Fettah Hyder received secret information through one Mohammad Malick. Besides, princes Fattah Hyder and Moiz-ud-Deen, in particular, were active in planning the execution of the Mutiny.

Must Read: The Revolt 1857: the First War of Independence

Thus, there was the desire to revive the old Muslim rule in this region. The sepoys were aware of the tragic end of Puli Thevar, Khan Sahib, Kattabomman, Marudu Brothers, Tipu Sultan and others. Hence, there were ill-feelings about the British in the minds of the sepoys. All these led to the rebellion.
Course of the Vellore Mutiny

On July 10th in the early morning, the native sepoys of the 1st and 23rd Regiments started the revolt . Colonel Fancourt, who commanded the garrison, was their first victim. Colonel Me Karras of the 23rd Regiment was shot down on the parade-ground. Major Armstrong was the next officer to be killed during the mutiny. About a dozen other officers were also killed.

Major Cootes who was outside the fort dashed to Ranipet, 14 miles away, and informed Colonel Gillespie at 7 am. Col.

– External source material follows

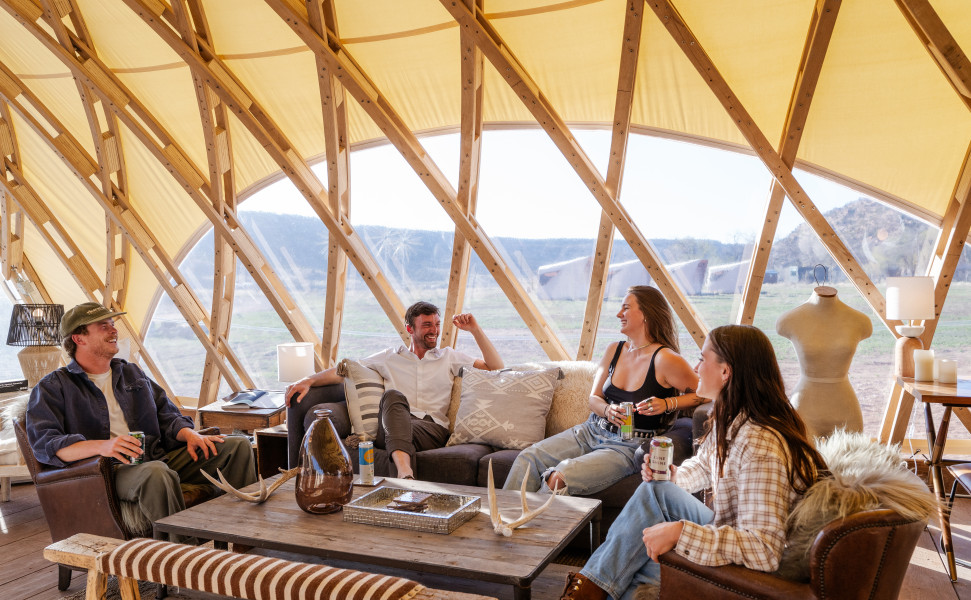 @courtlong10DSC00336 @courtlong10DSC00336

Gillespie reached the Vellore fort at 9 A.M.
Meantime, the rebels proclaimed Futteh Hyder, Tipu’s first son, as their new ruler and hoisted the tiger-striped flag of Tipu Sultan. But the uprising was swiftly crushed by Col. Gillespie. 800 Indian soldiers were found dead in the fort alone. Six hundred soldiers were imprisoned in Tiruchi and Vellore. Some rebels were hung, some shot dead. The uprising was thus brought to a bloody end. Tipu’s son was sent to Calcutta. The commander-in-chief and the governor were recalled.

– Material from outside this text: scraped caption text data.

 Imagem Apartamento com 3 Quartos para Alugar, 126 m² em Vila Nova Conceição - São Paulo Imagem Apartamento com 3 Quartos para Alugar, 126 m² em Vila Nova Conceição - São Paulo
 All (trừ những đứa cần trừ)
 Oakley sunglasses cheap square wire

Vellore Mutiny failed. There was no proper leadership. The rebellion was also not well organized. But it is the starting point of a new era of the resistance of the sepoys to the British rule. The 18th century was marked by the resistance of the local chieftains. The first six decades of the 19th century was marked by the resistance of sepoys.

K.K. Pillai rejects the thesis that Vellore Mutiny led to the 1857 revolt. V.D. Savarkar calls the Vellore Mutiny of 1806 as the prelude to the first War of Indian Independence in 1857. N. Sanjivi proclaims that the Tamils had taken the real lead in the Indian freedom struggle. K. Rajayyan argues that this mutiny was a continuation of the Marudu Brothers’ resistance movement against the colonial rule.